_What needs to be done_
Return each line of the records holding the string "Ontario".

Data extracted from a collection

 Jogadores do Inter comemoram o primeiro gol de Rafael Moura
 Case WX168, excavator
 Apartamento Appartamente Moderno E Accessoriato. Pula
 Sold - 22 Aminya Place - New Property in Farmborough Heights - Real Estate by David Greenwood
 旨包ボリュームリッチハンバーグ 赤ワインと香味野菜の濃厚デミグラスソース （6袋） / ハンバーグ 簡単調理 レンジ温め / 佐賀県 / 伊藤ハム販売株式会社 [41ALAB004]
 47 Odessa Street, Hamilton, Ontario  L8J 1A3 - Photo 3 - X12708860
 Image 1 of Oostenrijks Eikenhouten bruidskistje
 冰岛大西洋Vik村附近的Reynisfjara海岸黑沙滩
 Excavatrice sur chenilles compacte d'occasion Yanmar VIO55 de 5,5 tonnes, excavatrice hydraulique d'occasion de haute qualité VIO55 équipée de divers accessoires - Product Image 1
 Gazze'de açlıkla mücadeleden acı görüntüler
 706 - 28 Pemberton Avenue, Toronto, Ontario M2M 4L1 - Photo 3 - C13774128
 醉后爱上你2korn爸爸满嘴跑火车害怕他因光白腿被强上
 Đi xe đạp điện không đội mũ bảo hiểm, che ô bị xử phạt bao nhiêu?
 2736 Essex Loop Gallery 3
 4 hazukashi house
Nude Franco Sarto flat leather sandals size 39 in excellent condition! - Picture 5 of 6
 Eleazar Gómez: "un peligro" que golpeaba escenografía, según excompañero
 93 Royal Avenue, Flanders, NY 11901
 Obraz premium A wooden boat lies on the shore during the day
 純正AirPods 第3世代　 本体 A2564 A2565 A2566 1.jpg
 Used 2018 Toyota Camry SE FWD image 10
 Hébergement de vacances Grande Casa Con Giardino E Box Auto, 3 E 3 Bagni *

_Expected output_
 47 Odessa Street, Hamilton, Ontario  L8J 1A3 - Photo 3 - X12708860
 706 - 28 Pemberton Avenue, Toronto, Ontario M2M 4L1 - Photo 3 - C13774128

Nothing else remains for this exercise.